*What is being asked*.
Output exactly the lines below, starting with the line that has "Naiste kerge seljakott" and going on through the line that has "Phone Case for", both included, and no other lines.

*Available records*.
--*--
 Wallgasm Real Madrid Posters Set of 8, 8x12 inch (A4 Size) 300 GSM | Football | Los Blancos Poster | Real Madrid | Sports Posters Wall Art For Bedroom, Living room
--*--
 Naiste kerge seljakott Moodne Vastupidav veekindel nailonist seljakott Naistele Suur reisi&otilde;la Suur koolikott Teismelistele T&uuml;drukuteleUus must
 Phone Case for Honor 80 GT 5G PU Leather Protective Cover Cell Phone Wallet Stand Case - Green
--*--
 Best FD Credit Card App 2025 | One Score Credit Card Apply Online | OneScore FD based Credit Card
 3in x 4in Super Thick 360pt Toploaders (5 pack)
--*--
*Response to the exercise*.
 Naiste kerge seljakott Moodne Vastupidav veekindel nailonist seljakott Naistele Suur reisi&otilde;la Suur koolikott Teismelistele T&uuml;drukuteleUus must
 Phone Case for Honor 80 GT 5G PU Leather Protective Cover Cell Phone Wallet Stand Case - Green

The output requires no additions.